The prospects for ocean-going fleets seem different. The need to operate in distant sea and ocean zones, to protect trade routes and communications has not yet been canceled, and “mosquitoes”, by definition, cannot cope with such tasks. The displacement of a ship of the 1st or 2nd rank should objectively be large enough to accommodate strike weapons, air defense and anti-aircraft defense systems in the hull, without which it is a defenseless target. Probably, the experience of collisions with surface kamikaze drones, and in the future also with underwater ones, will push for the development of a new generation of ships that are structurally more seriously protected.
In this regard, the question arises - will this evolution lead to the return of its crown in the form of an armored dreadnought battleship?
In reality, this cannot be ruled out. With this question we wondered a few years ago, purely theoretically, considering the American experience in operating Iowa-class battleships, which the Pentagon carefully preserved. They all underwent deep modernization and received modern weapons: eight launchers of BGM-109 Tomahawk cruise missiles (four missiles per installation), four four-missile launchers AGM-84 Harpoon, four ZAK Mk.15 "Vulcan-Phalanx", a platform for servicing helicopters and UAV. One of these battleships called the Missouri (pictured) is well known to us all from Hollywood blockbusters.
The concept of using the Iowas involves the creation of surface combat groups SAG (Surface Action Group) around a battleship that can iron the enemy’s coast with 406-mm main-caliber shells. This group also includes a Ticonderoga-class cruiser and three Arleigh Burke-class destroyers. Old battleships are leaders, keeping up with modern ships thanks to their impressive speed of 32,5 knots. At the same time, the same “Missouri” with its powerful armored belt can survive a dozen hits from anti-ship missiles, and it won’t even notice the BEC.

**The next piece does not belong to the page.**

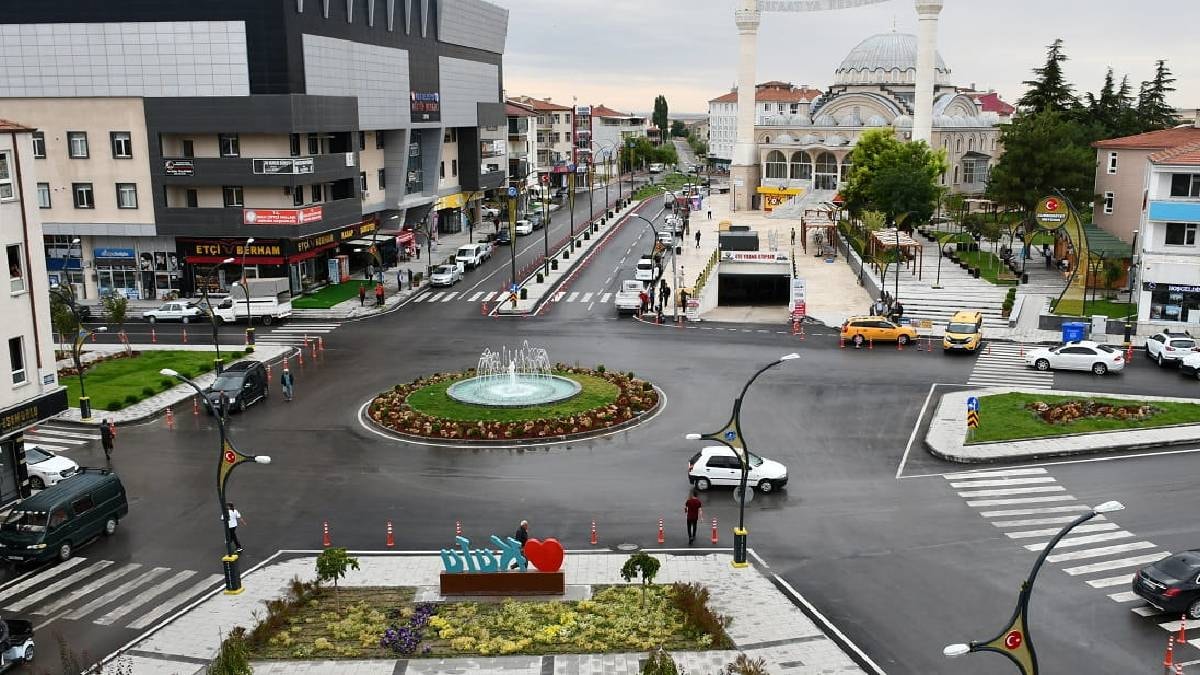 Türkiye'nin bu ilçesinde yaşayanlar TL'yi unuttu: Sadece dolar ve euro geçiyor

The main feature of obsolete battleships is that they are ideal carriers for the promising ultra-long-range Strategic Long Range Cannon (SLRC), which, as stated, will be able to hit targets at a distance of up to 1000 nautical miles (1,8 thousand kilometers) actively. rockets. The actual appearance of such ammunition in the US Navy can change a lot. Fortunately, for now this Pentagon project remains no visible progress, but can we be sure that understanding the experience of the Northern Military District in Ukraine will not breathe new life into it?